WORK INSTRUCTION
Once the line with "EuroRoma Brilho Dourado" is found, write it out along with every line after it, exactly, up to the last line of the entries below. Exclude pictures.

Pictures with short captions
________________________

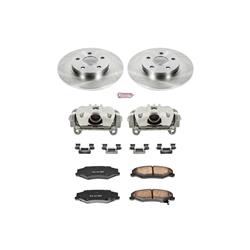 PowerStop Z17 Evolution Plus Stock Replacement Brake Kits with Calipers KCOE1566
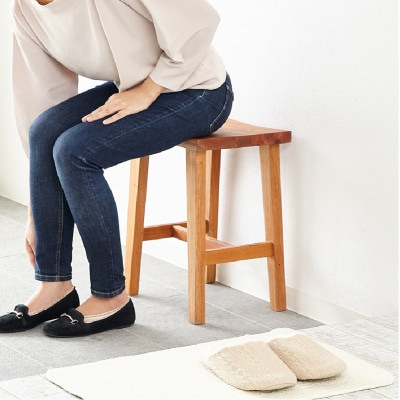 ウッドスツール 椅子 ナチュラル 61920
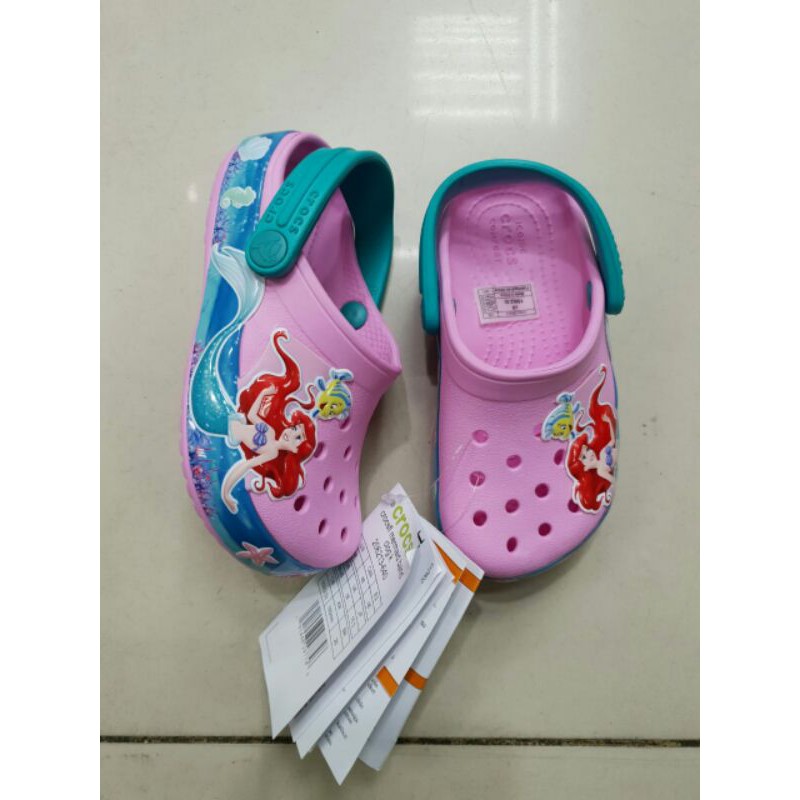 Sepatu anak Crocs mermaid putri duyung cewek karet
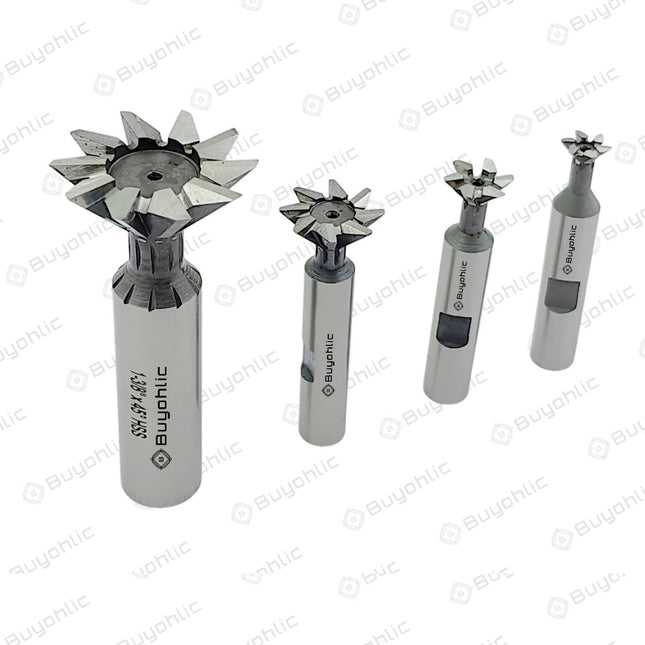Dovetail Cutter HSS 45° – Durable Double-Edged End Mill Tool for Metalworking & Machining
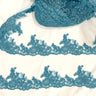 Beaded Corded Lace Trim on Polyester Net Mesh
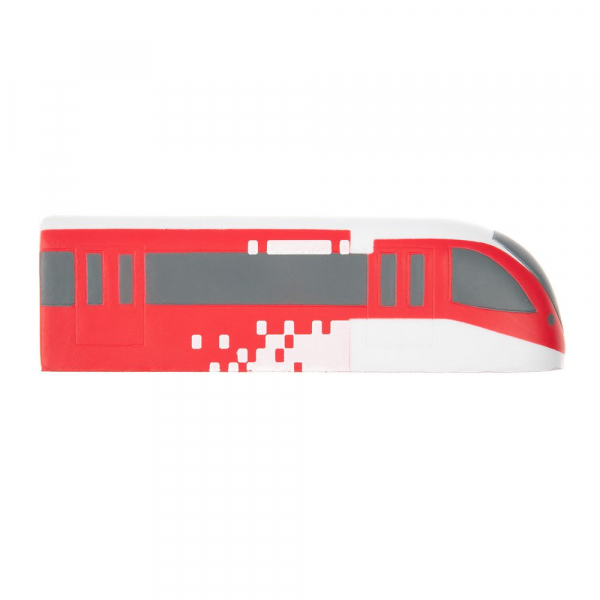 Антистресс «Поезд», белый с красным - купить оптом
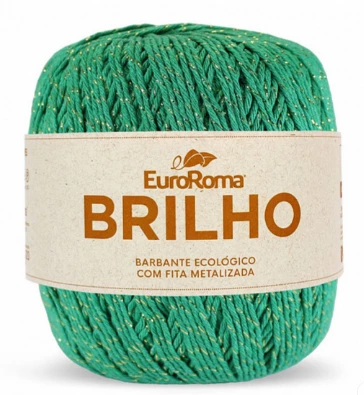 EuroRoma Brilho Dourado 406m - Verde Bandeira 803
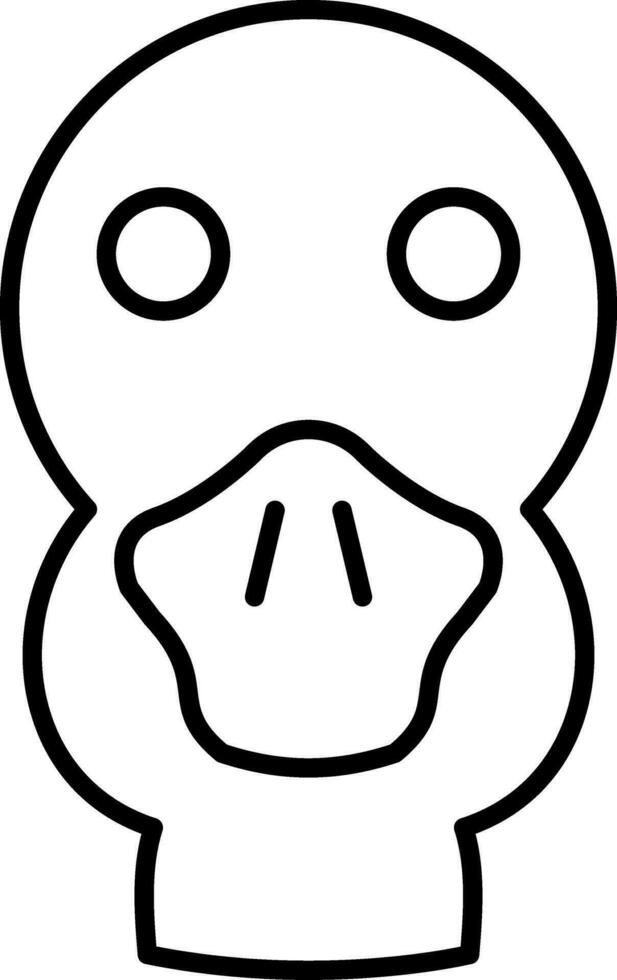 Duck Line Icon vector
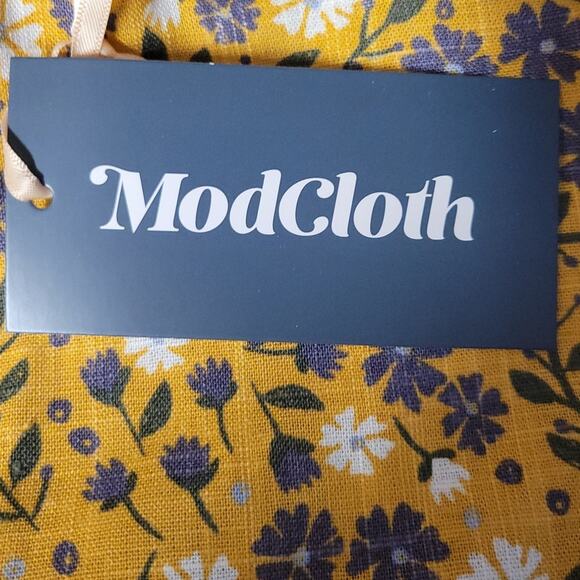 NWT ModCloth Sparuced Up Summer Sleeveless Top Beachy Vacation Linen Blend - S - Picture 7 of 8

________________________

FINAL ANSWER
 EuroRoma Brilho Dourado 406m - Verde Bandeira 803
 Duck Line Icon vector
 NWT ModCloth Sparuced Up Summer Sleeveless Top Beachy Vacation Linen Blend - S - Picture 7 of 8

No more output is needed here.